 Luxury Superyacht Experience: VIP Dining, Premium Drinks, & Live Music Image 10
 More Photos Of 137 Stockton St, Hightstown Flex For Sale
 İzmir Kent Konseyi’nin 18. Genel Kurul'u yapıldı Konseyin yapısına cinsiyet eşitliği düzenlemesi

Action item: Your output should be an exact copy of the lines from the one containing "More Photos Of" through the last line of the data above.

Result:
 More Photos Of 137 Stockton St, Hightstown Flex For Sale
 İzmir Kent Konseyi’nin 18. Genel Kurul'u yapıldı Konseyin yapısına cinsiyet eşitliği düzenlemesi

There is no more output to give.